• [THE PROBLEM] From the material below, retype exactly the lines that begin at the line with "BUFF Cap‌‌‌‌‌‌‌ in Grün" and end after the line with "Beowulf Limited front image"; pictures stay out of the copy.

• [MATERIAL PROVIDED]
--------------------------------------------------
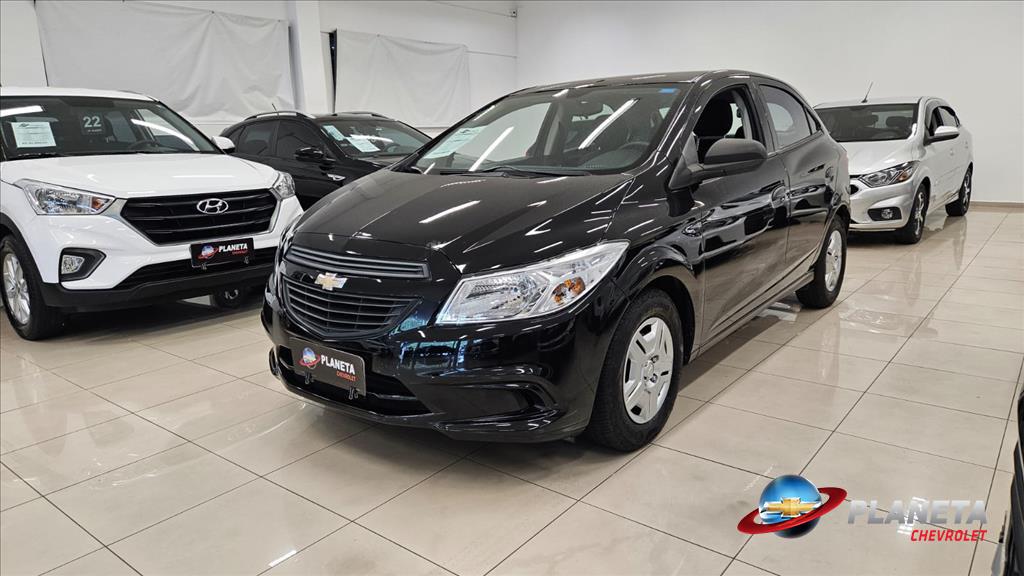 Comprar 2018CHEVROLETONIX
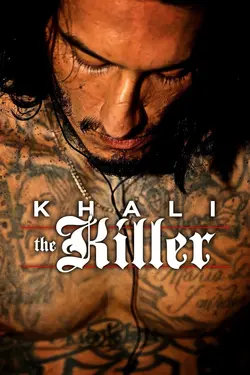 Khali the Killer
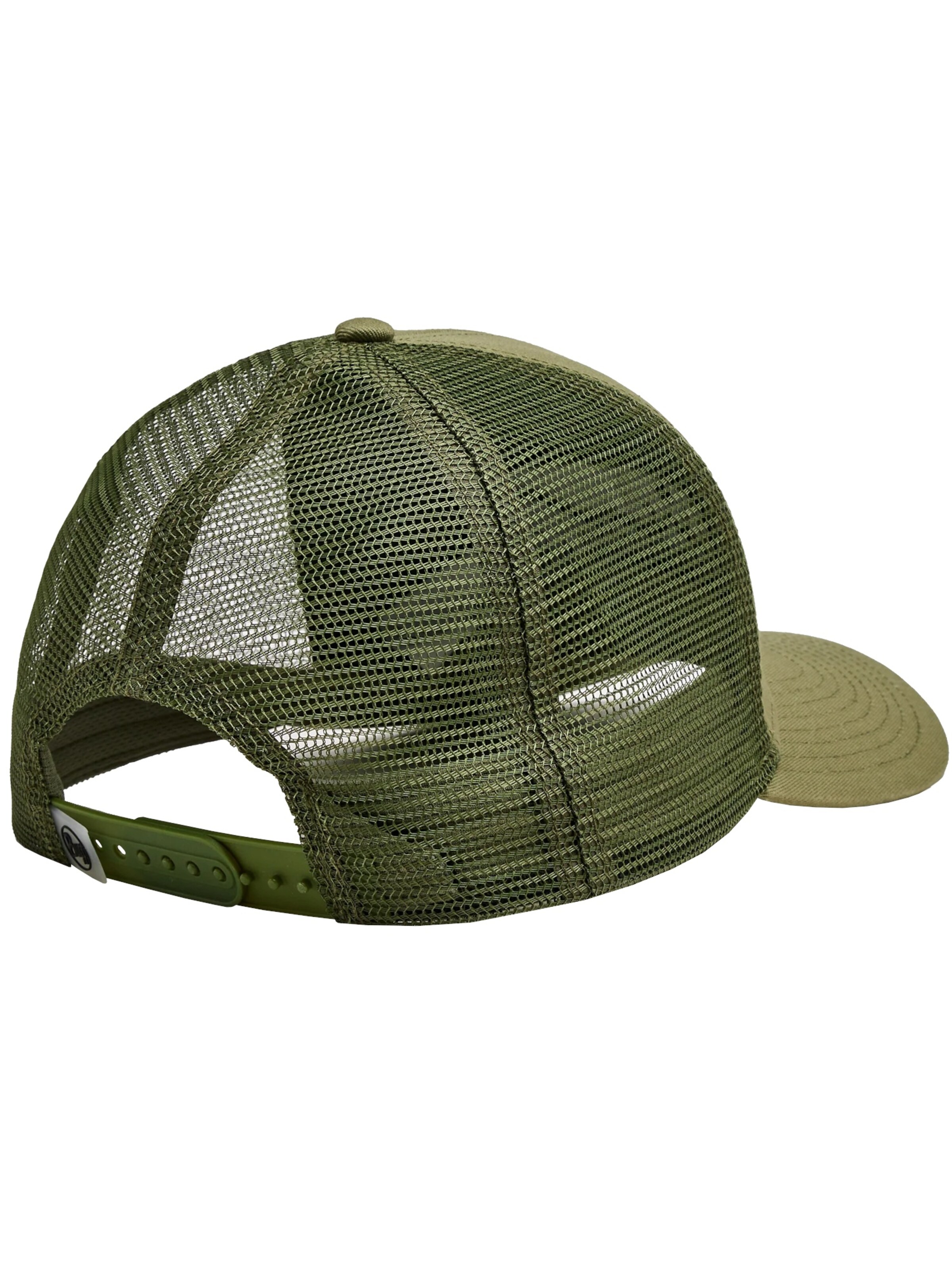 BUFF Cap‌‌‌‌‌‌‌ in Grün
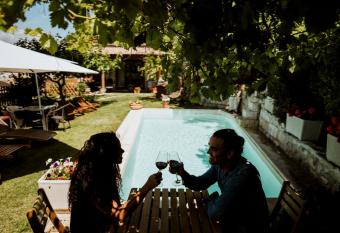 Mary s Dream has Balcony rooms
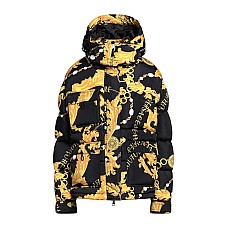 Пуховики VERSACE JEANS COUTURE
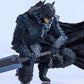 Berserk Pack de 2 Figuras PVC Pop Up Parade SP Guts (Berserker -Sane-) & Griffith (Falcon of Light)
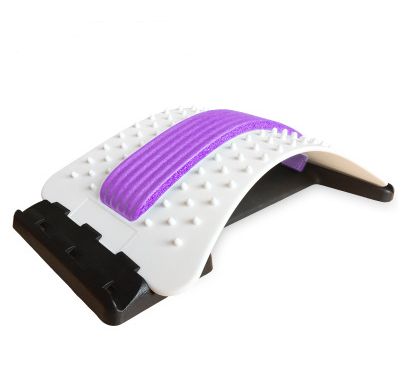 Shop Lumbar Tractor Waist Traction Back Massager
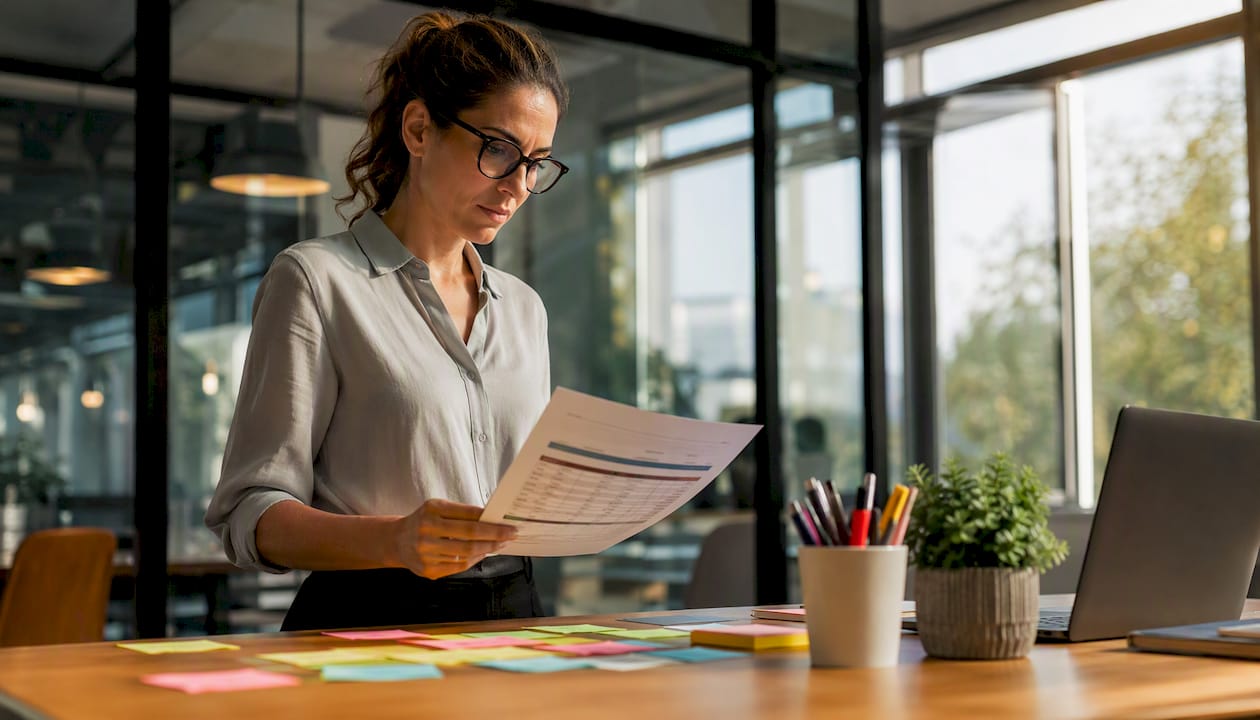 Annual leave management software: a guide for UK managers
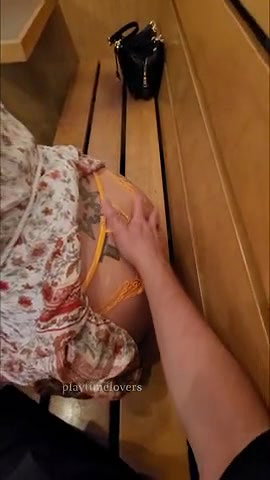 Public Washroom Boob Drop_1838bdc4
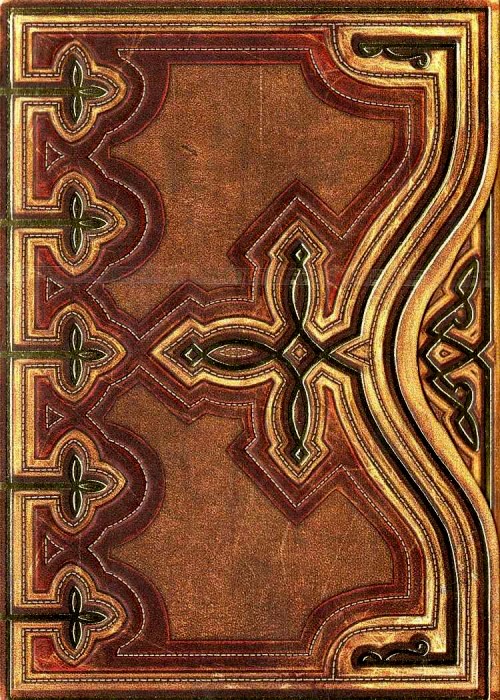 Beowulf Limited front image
--------------------------------------------------
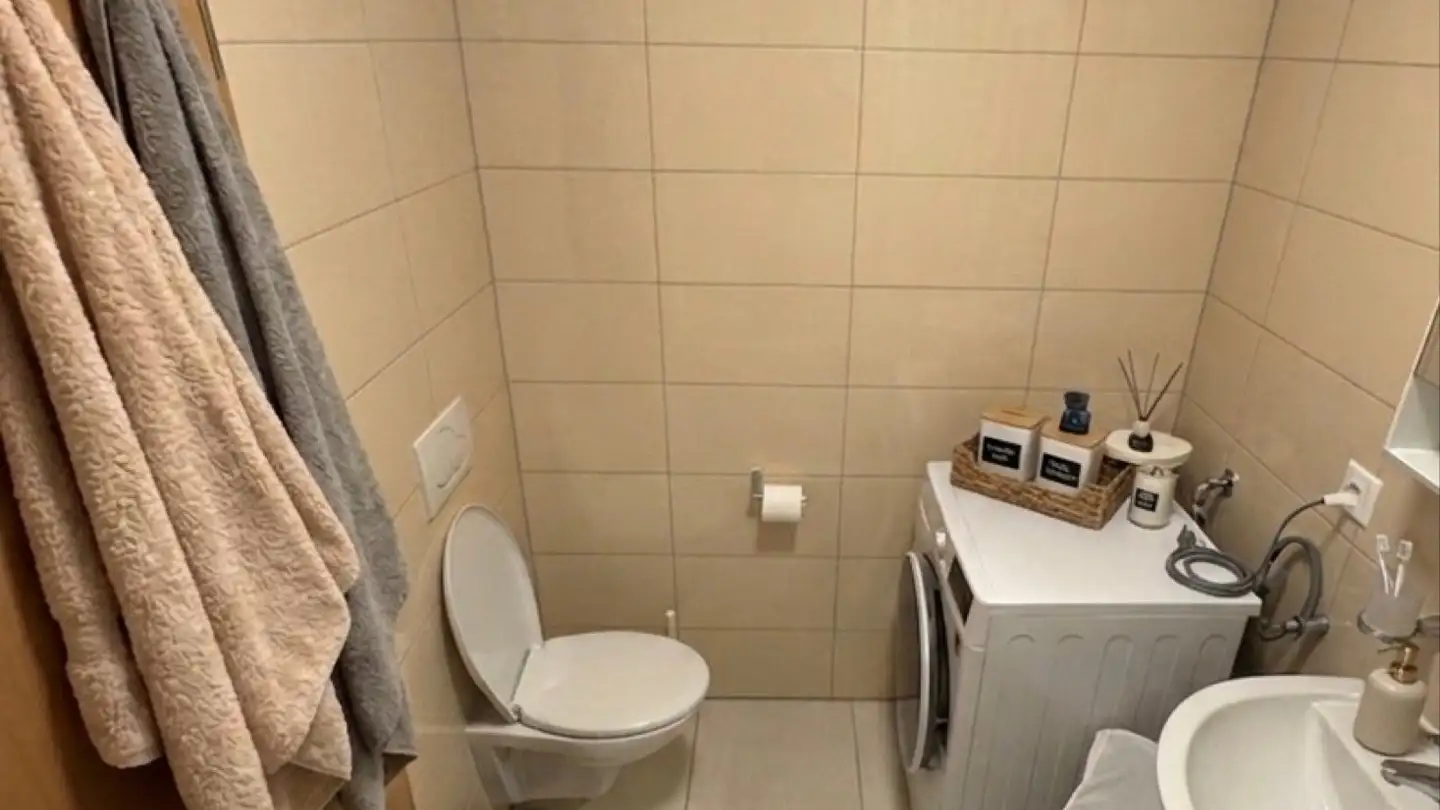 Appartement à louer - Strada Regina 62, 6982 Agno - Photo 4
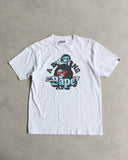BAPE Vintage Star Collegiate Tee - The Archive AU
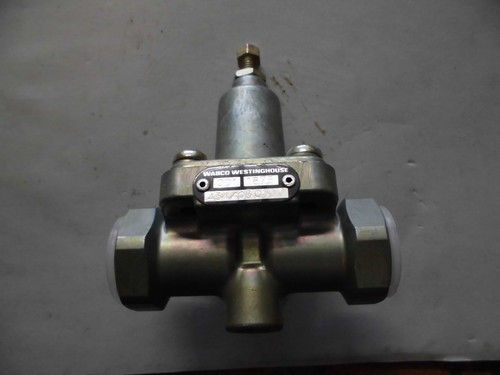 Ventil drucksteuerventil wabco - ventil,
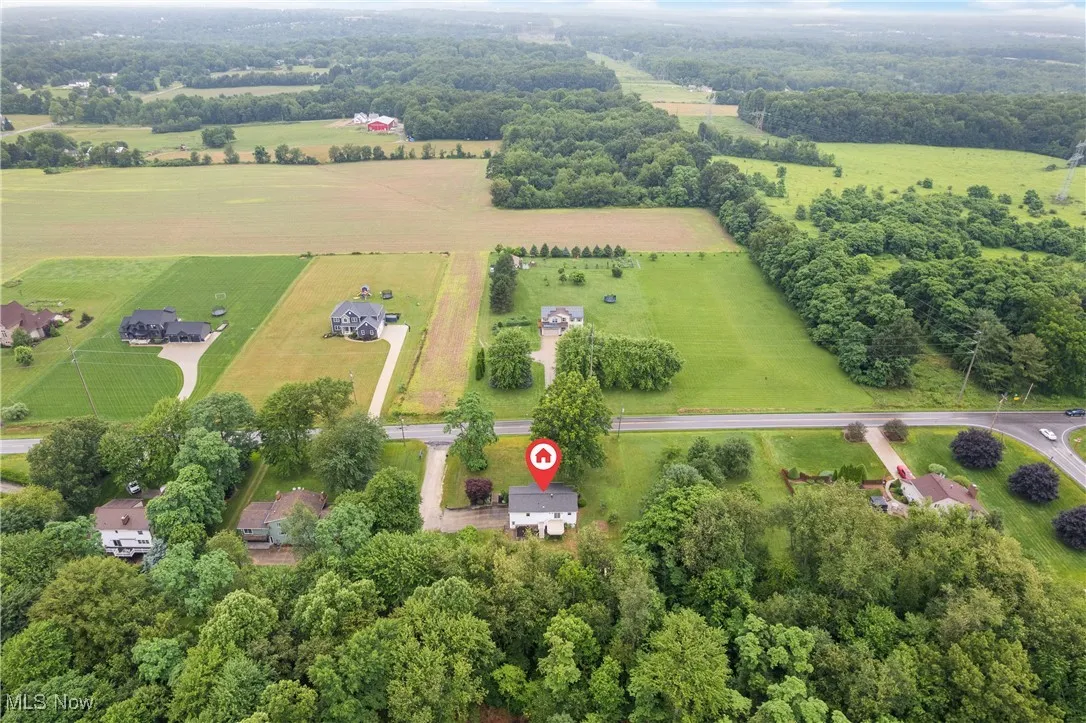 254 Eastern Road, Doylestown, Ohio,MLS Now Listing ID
--------------------------------------------------
• [FINISHED TASK]
 BUFF Cap‌‌‌‌‌‌‌ in Grün
 Mary s Dream has Balcony rooms
 Пуховики VERSACE JEANS COUTURE
 Berserk Pack de 2 Figuras PVC Pop Up Parade SP Guts (Berserker -Sane-) & Griffith (Falcon of Light)
 Shop Lumbar Tractor Waist Traction Back Massager
 Annual leave management software: a guide for UK managers
 Public Washroom Boob Drop_1838bdc4
 Beowulf Limited front image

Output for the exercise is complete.